How to prove $x \leq 0, 0 \leq y \implies x.y \leq 0$?

Question

In real analysis course, I need to prove $x \leq 0$ and $0 \leq y \implies x.y \leq 0$. I applied following approach but am not sure whether it is correct and acceptable proof.

1. Assume $x \leq 0$
2. Adding $-x$ to both sides yields $0 \leq -x$
3. Assume $0 \leq y$
4. We obtain $0 \leq -x.y$ from (2) and (3). (Recall the axiom $0 \leq x$ and $0 \leq y \implies 0 \leq x.y$)
5. $0 \leq (-1).x.y$ and put $z = x.y$
6. $0 \leq (-1).z$
7. Add $z$ to both sides
8. So, $z \leq (-1).z + z$ which is $z \leq -z + z$
9. $z \leq 0$ which is $x.y \leq 0$

Answer 1

Every thing is good except you are taking it for granted that $(-x)y = -(xy)$ and that $-x = (-1)x$.

That must be proven.

And before you can prove that you must prove $0\cdot x = 0$.

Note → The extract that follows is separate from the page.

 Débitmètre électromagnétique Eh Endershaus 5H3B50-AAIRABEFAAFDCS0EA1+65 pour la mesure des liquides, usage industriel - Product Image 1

You can not take either of those as a given.

Claim: $0x = 0$. Pf: $0= 0\cdot x + (-(0\cdot x) = (0 + 0)x + (-(0\cdot x))= 0\cdot x + 0\cdot x + (-(0\cdot x) = 0\cdot x + (0\cdot x + (-(0\cdot x)) = 0\cdot x + 0 = 0\cdot x$.

And

Claim: $(-x)y = -(xy)$. Pf: $0 = 0*y = (-x + x)*y= (-x)y + xy$ So $0 + (-xy) = (-x)y + xy + (-xy)$ so $-xy = (-x)y + 0 = (-x)y$.